I have spoken of all the people I met at Midwest Writers Workshop. Well, as I was talking to one of my Twitter, now in-real-life, friends at the conference, I asked about her writing… How’s it going? What are you working on? Typical nosy me questions.
Her friends had read it, but she wasn’t sure what to do next. I asked what her CPs said…
She didn’t have any.
A tragedy! THAT’S JUST NOT RIGHT! HOW CAN THIS HAPPEN? ALL THE WRITERS OUT THERE! WE NEED TO HELP EACH OTHER! I told her to send it to me immediately. And she did. And I’m reading it now… and because she might read this I’ll simply say that I am making tons of comments (all of which you can ignore)and there are so many things I LOVE about it. So relax!
I have become a strong supporter of critique partners, of having a few, of being an honest reliable one (I hope I am!).
We can only grow as writers if we have people asking us questions about our words, challenging us to make them better, catching all the stupid mistakes and plot holes that size of Jupiter.
However, there are moments…
Points in your writing life to do this. There are ways that work and ways that don’t. And each and every one of us must find our own path.
I wrote tucked in my dark corner for years. YEARS. If I had gone out and had someone critique my work when I had first started writing, I would have curled up in a corner and never stepped into the light again. I know me. That me would have given up. Dreams shattered into pieces. I needed my mom and sisters to read those terrible first manuscripts and say… I LIKE THIS! I admit it.
When I was approached to join a writers group, at first I thought NO WAY! These people will think I’m an idiot. After living with the thought of other writers reading my words… after revising the same words AGAIN and having no idea what I needed to do… I went to my first critique group. And came out alive and SO GLAD I WENT. The things I could learn! Cue choir of angels…

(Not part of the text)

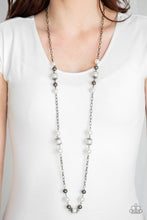 Load image into Gallery viewer, Wall Street Waltz Black Necklace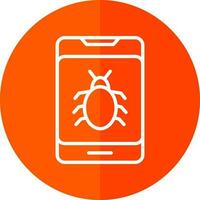 Bug Vector Icon Design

When I began to query, I entered another phase of oh-boy-I-have-no-idea-what-I’m-doing. No idea. I entered the darkness armed with my tiny bit of knowledge, like a spec of light, a single star in space. As we walk around in the dark, we learn. As we stumble and fall, we get up again with more confidence. The moments to take the next step will present themselves, if only we pay attention.
The rejection letters will come. If we persist, so will that one acceptance we crave. If my acceptance had arrived years ago, I would not have been ready. I had a bit of knowledge to acquire and the Universe knew it. I remember gazing at the initial letter from my editor, thinking that a couple of years ago, I wouldn’t have been able to answer her questions, I wouldn’t have known all the terms and writerly stuff.

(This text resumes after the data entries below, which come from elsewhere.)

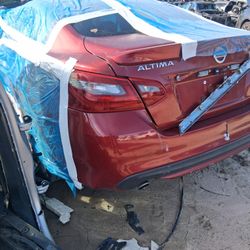 2017 Nissan Altima Parts 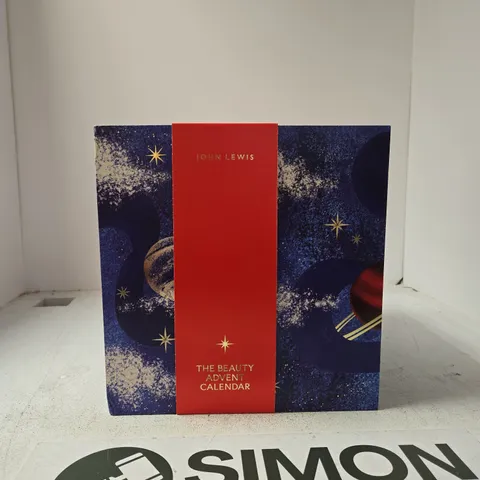 JOHN LEWIS BEAUTY ADVENT CALENDAR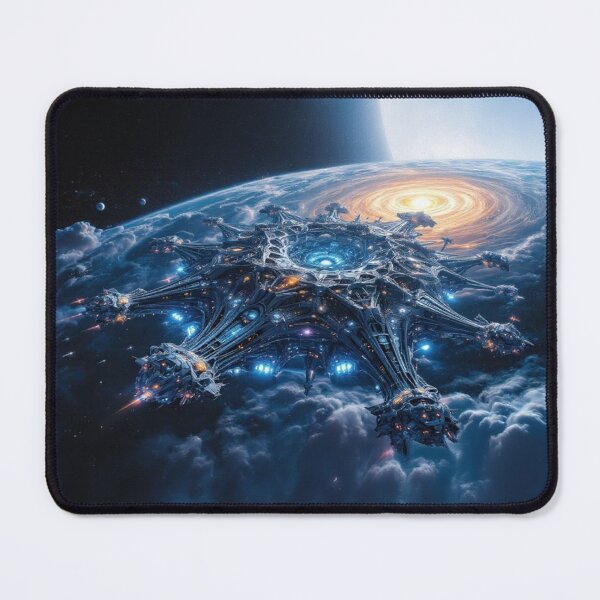 Item preview, Space Station Spider 1 designed and sold by shakespeare1212.
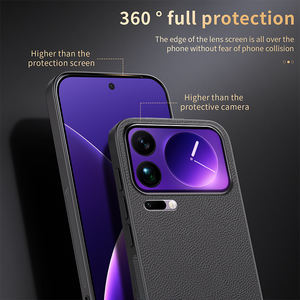 <span class=keywords><strong>Coque</strong></span> de téléphone en TPU soyeux à grain de litchi pour <span class=keywords><strong>Xiaomi</strong></span> 17 Pro Max 15 15T 15S ULTRA 14 PRO 13 12 12S <span class=keywords><strong>Coque</strong></span> arrière souple magnétique - Product Image 5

And the Universe says, “See? Trust me. I know what I’m doing.”
Yup. You got it, Universe. I bow to your wisely-ness.
For those who are new to writing, who are still in the alone phase, maybe scared to have people look at their words… don’t sweat it. You will be able to tell when you need help, when you want help. Look for critique partners (CPs), look for writers groups in your area or put out feelers on Twitter (worked for me!). The search won’t be easy. You’ll find some, lose some, find others. Eventually, you will connect with just the right people. And you should connect, when you are ready. At the speed my friend sent her ms to me, I think she was ready.
As we go through each day, needing to reach our goals RIGHT THIS MOMENT!
Things will happen just when they should, if you have a bit of faith and put in a lot of work. Dreams are made of 100% believing and 100% sweat.